Reproduction Fertility and Development ◽

10.1071/rdv16n1ab83 ◽

2004 ◽

Vol 16 (2) ◽

pp. 163

Author(s):

S. Baran ◽

C. Ware

Keyword(s):

Tissue Culture ◽

Es Cells ◽

Embryonic Stem ◽

Ice Crystal ◽

Culture Methods ◽

Slow Cooling ◽

Rapid Cooling ◽

Alkaline Phosphatase Staining

Primate embryonic stem (ES) cells have the ability to self-renew indefinitely while maintaining the ability to differentiate. This unique property allows scientists to study the factors necessary for stem cell self-renewal and differentiation in vitro that reflect in vivo processes.
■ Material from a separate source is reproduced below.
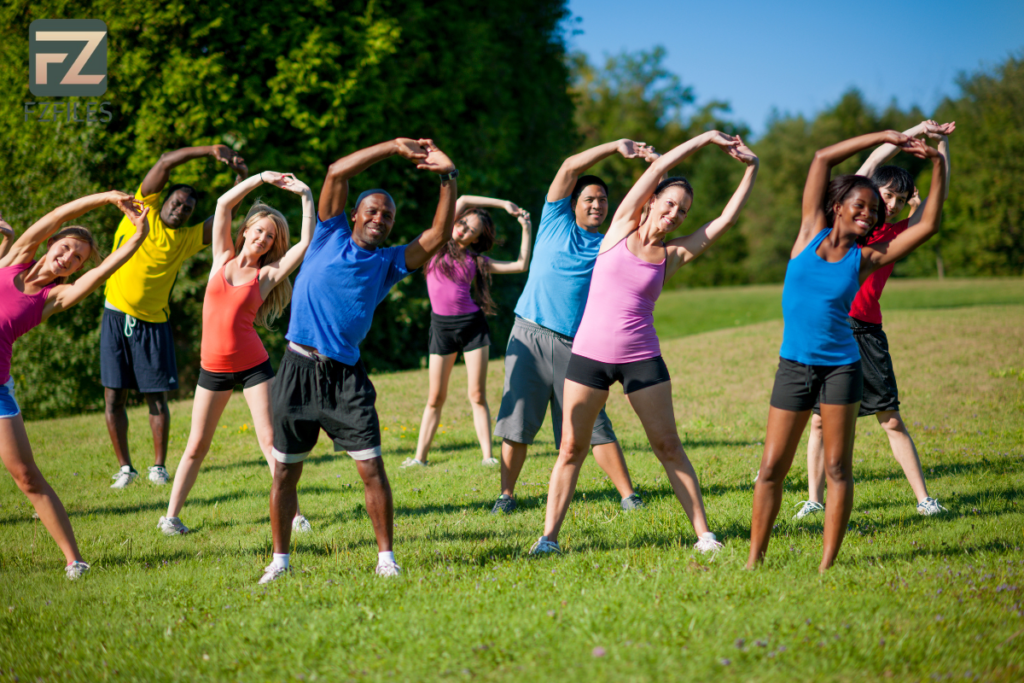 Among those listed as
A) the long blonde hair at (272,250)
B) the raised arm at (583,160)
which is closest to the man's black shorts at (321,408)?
the long blonde hair at (272,250)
Work with primate ES cells is handicapped by the poor survival (1–5%) of rhesus and human ES cells following standard tissue culture methods of rapid cryopreservation. The purpose of this study was to compare and contrast two cryopreservation techniques, slow cooling combined with ice crystal seeding commonly used for mammalian embryos v. rapid cooling commonly used for tissue culture, to find a method for efficient primate ES cell cryopreservation. A combination of trials was run to compare dimethyl sulfoxide (DMSO) v. ethylene glycol as a cryoprotectant, a cooling rate of 0.3°C per minute following ice crystal seeding at −7°C v. placement at −80°C with no seeding, and rapid thaw with step-wise cryoprotectant removal v. one-step sucrose cryoprotectant removal. Cell survival was assessed through a combination of cell surface markers, alkaline phosphatase staining and morphology to look for undifferentiated cells and quantitate survival. All cryopreservations were performed with the same cell density. The survival of the cells with slow embryo-style cooling in DMSO with a step-wise cryoprotectant removal was 64.0% v. 12.8% with rapid cooling.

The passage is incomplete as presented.